I agree with Jeremy28. I think the current regulations are what makes Kolob such a quality fishery. There are plenty of places to bring the kids and fish with bait in southern Utah. Why not have a place around like Kolob where you can go to get away from mob bait hucking crowds? That's just my 2 cents, but I might be a little biased...I hate fishing with bait.


----------



## ridgetop (Sep 13, 2007)

I posted a link to the new proposed management plan. It seems like it could be great for both sides. ( bait and fly fishers) BTW, big fish can be caught in almost all the southern Utah lakes not just Kolob. Why should all the families that live on Kolob during the summers have to drive over an hour to the closest trout lake to fish with bait when they have one 5 minutes away.


----------



## PBH (Nov 7, 2007)

Jeremy28 said:


> I actually like the regulations there because the fish will be more numerous and bigger. I caught a 6.25lber there a year and a half ago that i probably wouldn't have caught if there wasn't the regulations that exist there now.


I have to disagree to a point. The current regulations help keep Kolob a good fishery, but they also prevent Kolob from being a GREAT fishery.

Kolob has great natural recruitment from both the rainbows and the cutthroat. While occasional large trout are taken from Kolob, your average trout max out around 17". You don't see that many trout make it to over the existing 18" minimum harvest regulation. The reservoirs sees very little harvest of trout, and we're seeing the negative results of nearly no harvest from this lake: too many fish.

The proposed regulation changes, as determined by the committee, are to liberalize harvest, and allow bait during the summer months. Rainbow trout and cutthroat trout should be done spawning prior to the gear restrictions being lifted -- the artificial only crowd will still have the lake to themselves for some of the best fishing of the year at Kolob. Additional fish will be harvested during the summer, which should allow for MORE trout to grow LARGER.
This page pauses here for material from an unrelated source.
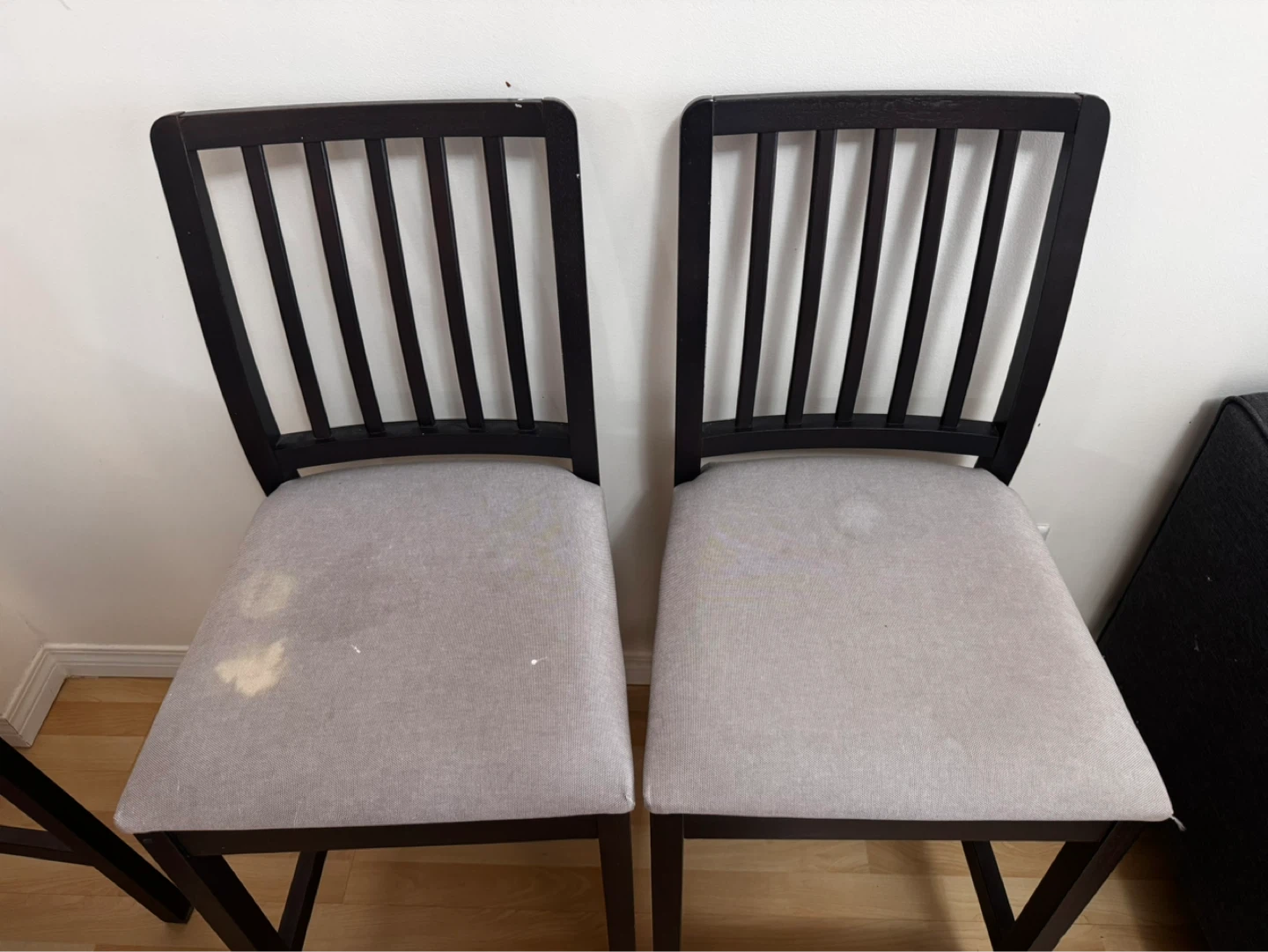 IKEA EKEDALEN Bar Stools with Backrest x 4 - photo 4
Personally, I see this as a win/win solution for anglers. Quality should go up while opportunity also increases. I think they've come up with a pretty good solution to make Kolob a better fishery for everyone.


----------



## EmptyNet (Mar 17, 2008)

Hey PBH whats the deal with all the dead shiners up there, went up there with jeremy30 today and noticed quite a few around the shores.


----------



## Jeremy28 (Dec 1, 2007)

You could be right PBH but I would think it would be an impossible task to decide whether the trout are overpopulating the lake to the point that the food source is scarce resulting in smaller fish (unless its totally obvious). All we caught were skinny fish which would support your claim but the ice just came off and the food source will be more abundant now in the coming months. Every fall when I fish there, the fish are majorly fat and healthy (fattest ive seen in any lake) which would not support your claim. Its a very subjective topic where one could make his point believable for both sides...kinda like politics.


----------



## ridgetop (Sep 13, 2007)

PBH, I agree 100%!


----------



## PBH (Nov 7, 2007)

Jeremy28 said:


> You could be right PBH but I would think it would be an impossible task to decide whether the trout are overpopulating the lake to the point that the food source is scarce resulting in smaller fish (unless its totally obvious).


What?

You need to consider that the DWR has data on these fish going back quite a number of years. They have netting data that contains far more information than what an angler can gather using a fishing rod. This isn't a new problem.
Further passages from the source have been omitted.